I'm not sure I get how hmmlearn expects the input data. Below is a modified example from the tutorial.
import numpy as np
from hmmlearn import hmm
states = ['up', 'down']
start_probs = np.array([0.6, 0.4])
vocabulary = [0, 1, 2, 3]
emission_probs = np.array(
[
[0.25, 0.1, 0.4, 0.25],
[0.2, 0.5, 0.1, 0.2],
]
)
trans_mat = np.array(
[
[0.8, 0.2],
[0.2, 0.8],
]
)
observations = np.random.choice(vocabulary, (10, 7))
lengths = [len(item) for item in observations]
# Set up model:
model = hmm.MultinomialHMM(
n_components=len(states),
n_trials=len(observations[0]),
n_iter=50,
init_params='',
)
model.n_features = len(vocabulary)
model.startprob_ = start_probs
model.transmat_ = trans_mat
model.emissionprob_ = emission_probs
model.fit(observations, lengths)
logprob, received = model.decode(observations)

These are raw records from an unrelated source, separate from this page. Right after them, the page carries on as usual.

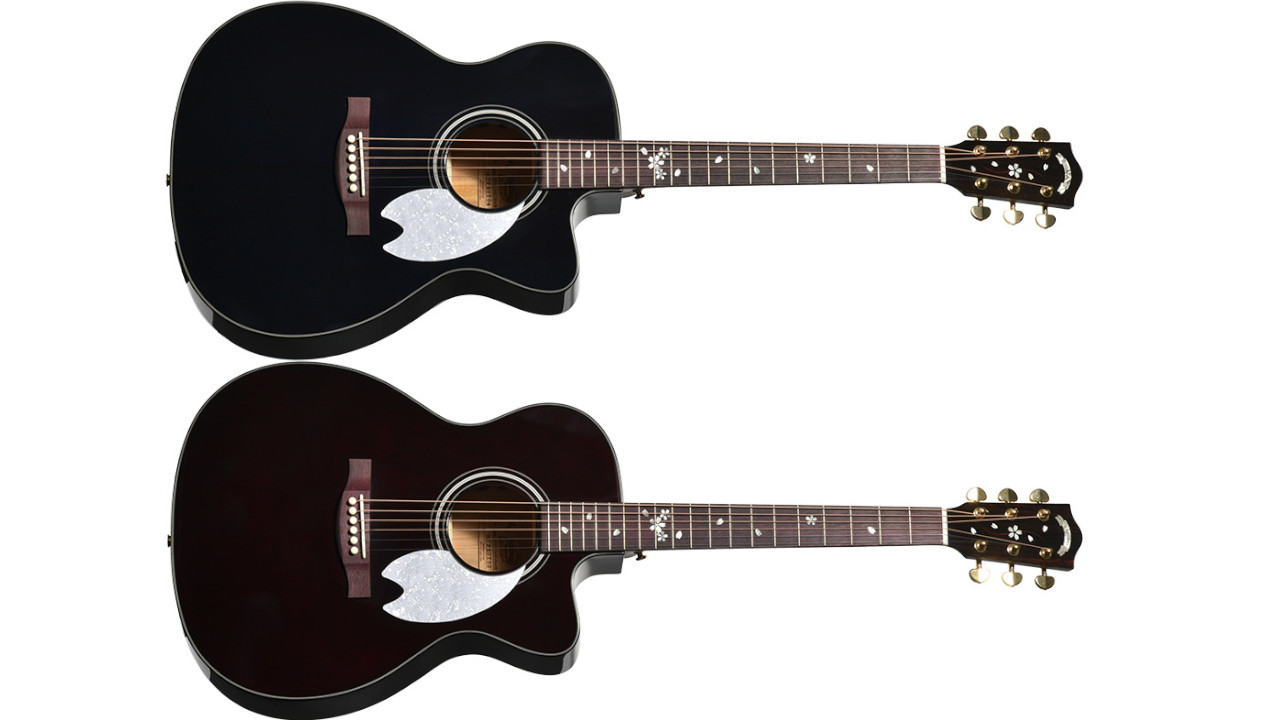 HEADWAY Japan Tune-upシリーズのSAKURAモデルから島村楽器限定仕様が発売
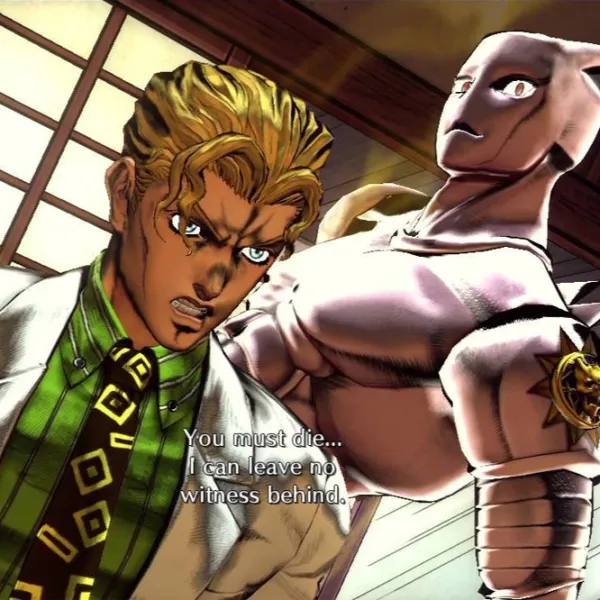 JoJo's Bizarre Adventure Eyes of Heaven Game for PlayStation 4 photo 7 JoJo's Bizarre Adventure Eyes of Heaven Game for PlayStation 4 photo 7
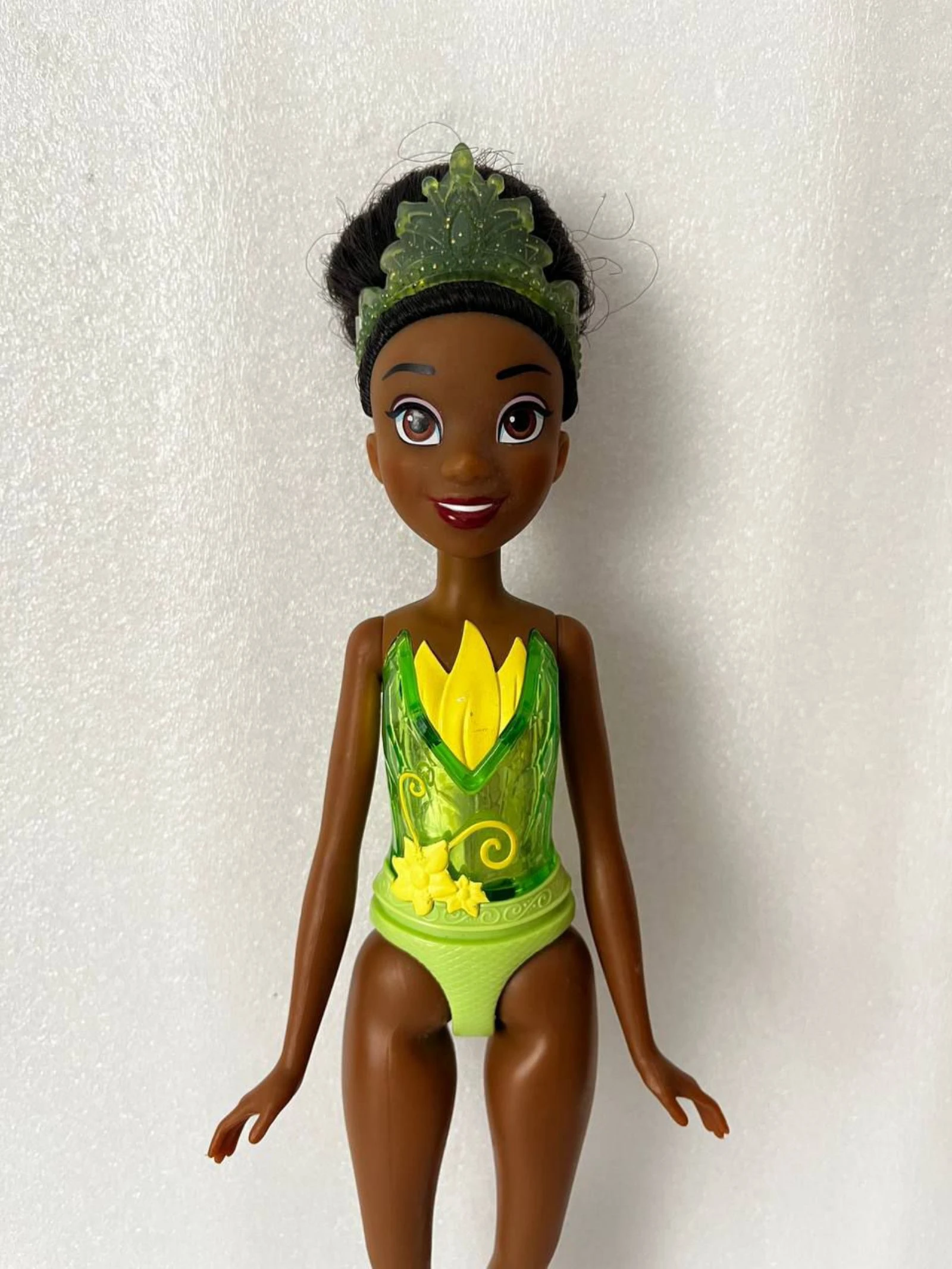 Muñeca tiana (Disney)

At this point I'm getting this error:
in _AbstractHMM._check_and_set_n_features(self, X)
525 if hasattr(self, "n_features"):
526 if self.n_features != n_features:
--> 527 raise ValueError(
528 f"Unexpected number of dimensions, got {n_features} but "
529 f"expected {self.n_features}")
530 else:
531 self.n_features = n_features
ValueError: Unexpected number of dimensions, got 7 but expected 4
I'm not sure why it is expecting 4, which is just the size of the vocabulary. Isn't lengths supposed to be the size of the sequences?